Heating and ventilating drafters draft plans for heating, air-conditioning, ventilating, and sometimes refrigeration equipment. Plumbing drafters draw diagrams for the installation of plumbing equipment. Mechanical drafters make working drawings of machinery, automobiles, power plants, or any mechanical device. Castings drafters prepare detailed drawings of castings, which are objects formed in a mold. Tool design drafters draft manufacturing plans for all kinds of tools. Patent drafters make drawings of mechanical devices for use by lawyers to obtain patent rights for their clients.
Electrical drafters make schematics and wiring diagrams to be used by construction crews working on equipment and wiring in power plants, communications centers, buildings, or electrical distribution systems. Electronics drafters draw schematics and wiring diagrams for television cameras and TV sets, radio transmitters and receivers, computers, radiation detectors, and other electronic equipment.
Electromechanisms design drafters draft designs of electromechanical equipment such as aircraft engines, data processing systems, gyroscopes, automatic materials handling and processing machinery, or biomedical equipment. Electromechanical drafters draw wiring diagrams, layouts, and mechanical details for the electrical components and systems of a mechanical process or device.
Aeronautical drafters prepare engineering drawings for planes, missiles, and spacecraft. Automotive design drafters and automotive design layout drafters both turn out working layouts and master drawings of components, assemblies, and systems of automobiles and other vehicles.
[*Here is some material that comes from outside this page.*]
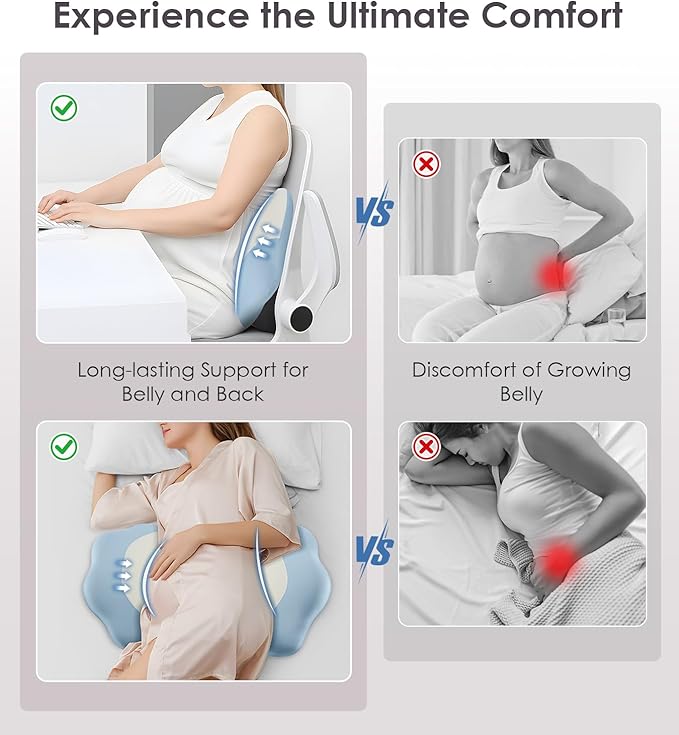 Memory Foam Maternity Pillow for Sleeping, Pregnancy Pillows Support for Back Belly HIPS, Adjustable Travel Wedge Pillow for Pregnant Women, Side Spleeping Pregnant Pillows with Pillowcase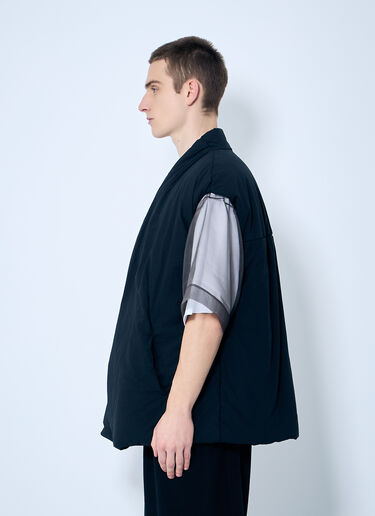 Dries Van Noten パッド入りガーバーベスト  ネイビー dvn0160012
Automotive design drafters make original designs from specifications, and automotive design layout drafters make drawings based on prior layouts or sketches. Marine drafters draft the structural and mechanical features of ships, docks, and marine buildings and equipment. Projects range from petroleum drilling platforms to nuclear submarines.
Geological drafters make diagrams and maps of geological formations and locations of mineral, oil, and gas deposits. Geophysical drafters draw maps and diagrams based on data from petroleum prospecting instruments such as seismographs, gravity meters, and magnetometers. Directional survey drafters plot bore holes for oil and gas wells. Oil and gas drafters draft plans for the construction and operation of oil fields, refineries, and pipeline systems.
A design team working on electrical or gas power plants and substations may be headed by a chief design drafter, who oversees architectural, electrical, mechanical, and structural drafters. Estimators and drafters draw specifications and instructions for installing voltage transformers, cables, and other electrical equipment that delivers electric power to consumers.